CHESSNOID

Random Noid Musings

Subscription Options

Professor advises underwater homeowners to walk away from mortgages

Posted on Dec 3, 2009 by CHESSNOID in Bailout, Current Events, Economy, Foreclosures, Homeless, Recession, housing bust, housing market | 4 Comments

I blogged about jingle mail and walking away from a bad mortgage or investment a few times.  I see in the L.A Times a law professor teaching some useful information and educating people about foreclosures.  I reprinted the whole thing here because I personally agree with him.

Los Angeles Times:

Professor advises underwater homeowners to walk away from mortgages


Brent T. White, a University of Arizona law school professor, says that it’s in the homeowners’ best financial interest to stiff their lenders and that it’s not immoral to do so.

By Kenneth R. Harney

November 29, 2009

Reporting from Washington

Go ahead. Break the chains. Stop paying on your mortgage if you owe more than the house is worth. And most important: Don’t feel guilty about it. Don’t think you’re doing something morally wrong.

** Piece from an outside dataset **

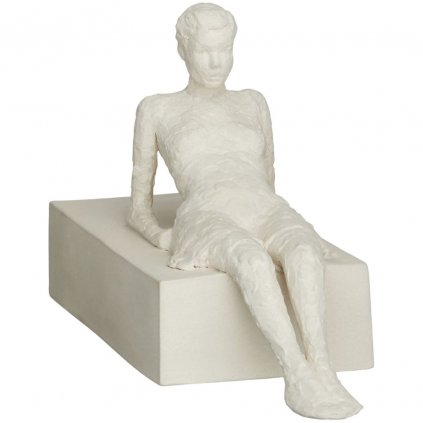 Figurină ATTENTIVE THE ONE 13 cm, alb, gresie, Kähler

That’s the incendiary core message of a new academic paper by Brent T. White, a University of Arizona law school professor, titled “Underwater and Not Walking Away: Shame, Fear and the Social Management of the Housing Crisis.”

White contends that far more of the estimated 15 million U.S. homeowners who are underwater on their mortgages should stiff their lenders and take a hike.

Doing so, he suggests, could save some of them hundreds of thousands of dollars that they “have no reasonable prospect of recouping” in the years ahead. Plus the penalties are nowhere near as painful or long-lasting as they might assume, he says.

“Homeowners should be walking away in droves,” White said. “But they aren’t. And it’s not because the financial costs of foreclosure outweigh the benefits.”

Sure, credit scores get whacked when you walk away, he acknowledges. But as long as you stay current with other creditors, “one can have a good credit rating again — meaning above 660 — within two years after a foreclosure.”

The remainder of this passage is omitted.